Dr. Eva Maria Froschauer

"Diskursmaschine" Zeitschrift. Plädoyer für die historische Würdigung eines Mediums

Bereits Jacques Gubler schreibt in "I dispacci dell’avanguardia" (1982) sehr pointiert, dass es in den 1920er und 1930er Jahren, wollte man eine lautstarke Kampagne im Sinne der Avantgarde führen, nur notwendig gewesen sei, eine Arbeitsgruppe zu gründen und ein Organ zur Veröffentlichung zu schaffen. Gubler sieht die Zeitschriften in diesem Zusammenhang als "grundlegendes Material", das ein wesentliches Instrument zur "Ins-Werk-Setzung" von Neuem gewesen sei. Deswegen plädiert er auch dafür, statt der oft laut herausposaunten Inhalte und Verheissungen der Blätter mehr die Strategien der Durchsetzung in den Blick zu nehmen. Diesen Aufruf kann man nur immer wieder erneuern.

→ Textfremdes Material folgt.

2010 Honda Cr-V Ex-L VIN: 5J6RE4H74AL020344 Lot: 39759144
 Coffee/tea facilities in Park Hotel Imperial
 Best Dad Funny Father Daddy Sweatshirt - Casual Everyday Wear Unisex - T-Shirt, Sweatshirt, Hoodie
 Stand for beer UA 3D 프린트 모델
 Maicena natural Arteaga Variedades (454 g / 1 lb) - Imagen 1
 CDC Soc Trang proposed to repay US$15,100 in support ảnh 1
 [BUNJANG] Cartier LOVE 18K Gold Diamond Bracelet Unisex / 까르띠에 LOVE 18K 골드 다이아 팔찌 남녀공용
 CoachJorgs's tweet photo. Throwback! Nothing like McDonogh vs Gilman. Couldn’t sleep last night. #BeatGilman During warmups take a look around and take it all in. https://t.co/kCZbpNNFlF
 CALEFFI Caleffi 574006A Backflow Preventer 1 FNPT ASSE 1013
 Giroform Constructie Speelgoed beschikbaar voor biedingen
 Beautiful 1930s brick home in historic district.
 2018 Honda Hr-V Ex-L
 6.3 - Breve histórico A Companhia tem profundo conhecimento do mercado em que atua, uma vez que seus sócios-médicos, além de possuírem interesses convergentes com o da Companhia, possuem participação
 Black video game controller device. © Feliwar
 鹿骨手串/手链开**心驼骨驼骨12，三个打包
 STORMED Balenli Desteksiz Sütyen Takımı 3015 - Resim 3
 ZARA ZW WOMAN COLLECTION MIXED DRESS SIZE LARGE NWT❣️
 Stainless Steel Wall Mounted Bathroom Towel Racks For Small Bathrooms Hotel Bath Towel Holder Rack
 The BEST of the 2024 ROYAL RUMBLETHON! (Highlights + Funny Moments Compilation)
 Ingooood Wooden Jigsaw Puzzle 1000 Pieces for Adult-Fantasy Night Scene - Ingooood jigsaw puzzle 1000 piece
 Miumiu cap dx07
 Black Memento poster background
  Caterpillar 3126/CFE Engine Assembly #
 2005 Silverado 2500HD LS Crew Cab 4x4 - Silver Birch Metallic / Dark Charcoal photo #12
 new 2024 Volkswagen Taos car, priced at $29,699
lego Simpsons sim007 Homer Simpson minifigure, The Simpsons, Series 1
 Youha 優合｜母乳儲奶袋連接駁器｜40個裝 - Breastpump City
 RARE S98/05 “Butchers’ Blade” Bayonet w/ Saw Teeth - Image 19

So kann eine Zeitschriftenlandschaft an einem bestimmten Ort und zu einer bestimmten Zeit tatsächlich als eine Art "Wolke" von Aussagen, Diskutanten, Zusammenhängen und Austauschenden verstanden werden — also als Transfer- und Diskursraum. Darin hatten die Zeitschriften bisweilen eine Rolle als "Steuermänner" inne und dienten nicht selten auch der gegenseitigen Bestätigung und Verbreitung. Zusammengefasst, eine wirksame Strategie zur Durchsetzung des Neuen in Kunst und Architektur war und ist: Gruppe gründen, Manifest schreiben, Zeitschrift veröffentlichen!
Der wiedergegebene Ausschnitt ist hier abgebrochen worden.